Hanna hatte gestern gegen Abend, mit mehreren Damen an dem Hotel vorübergehend, Stella gesehen, wie diese, das Kinn in die Hand gestützt, am Fenster stand und dem Gemurmel des Baches drüben jenseits des Promenadenweges lauschte und zerstreut auf die frischen Blumenbeete hinabschaute.

»Ei, Frau Richter ist ja auch hier!« sagte sie, als sie bald darauf mit ihrem Gatten im Speisesaal ihres Hotels beim Souper saß. »Solltest Du sie nicht schon bemerkt haben?«

Sie betonte die Frage scharf. Erwin that Anfangs, als höre er nicht. Sie wiederholte.

»Kümmere Dich nicht um Andere!« Erwin beschäftigte sich mit dem Souper.

»Um wen soll man sich hier mehr bekümmern, als um alte Bekannte, namentlich um die Deinigen! Hübscher ist sie nicht geworden!«

»Ich finde doch!« Erwin antwortete zerstreut.

»So! Du findest! Du hast sie also doch schon gesehen! Kein Wunder! ... Ihr Mann, der hinter ihr an das Fenster trat, als ich vorhin vorüberging, gefällt mir übrigens besser.«

Erwin schwieg. Hanna hatte jetzt, ganz entgegen ihrem früheren Geschmack, die Taktik, andere Männer schön zu finden. Er indeß wußte, daß ihm dies nicht gefährlich war, denn Hanna hatte sich, in der Nähe gesehen, nicht zu ihrem Vortheile verändert.

Ihre Züge waren schärfer, ihre Gesichtsform war eckiger geworden. Das aschgraue Haar, das dem Mädchen so originell gestanden, gab dem Frauenantlitz etwas überaus Nüchternes.

Die ihr stets vorschwebende Meinung, von ihrem Gatten mit Undank belohnt zu sein, hatte sie unerträglich bitter gemacht. Für diesen Mann hatte sie Alles gethan, und er hatte ihr gleich nach der Vermählung schon die größte Gleichgültigkeit gezeigt.

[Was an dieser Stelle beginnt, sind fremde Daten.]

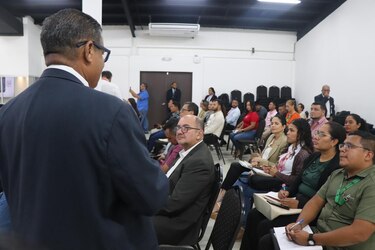 Gobiernos locales bajo entrenamiento: ¿podrá el nuevo manual corregir años de mal manejo de fondos?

Daß sie ihm vor derselben ebenso gleichgültig gewesen, hatte sie vergessen. Jedenfalls verlangte sie von ihm das liebevollste Entgegenkommen, an dem er es von Anfang an hatte fehlen lassen.

Sie peinigte ihn mit Eifersuchts-Ausbrüchen und rächte sich endlich durch ein äußerliches Interesse für andere Männer, das aber an Erwin's Gefühllosigkeit abglitt.

Sie machte die erdenklichsten Toilette-Anstrengungen, für die sie als Kind keinen Sinn gehabt; sie verlangte zu gefallen und hatte darin so wenig Erfolg. Sie bemühte sich, interessant zu sein und gerieth zuweilen in ein burschikoses Wesen, mit dem sie als Kind schon abschreckte.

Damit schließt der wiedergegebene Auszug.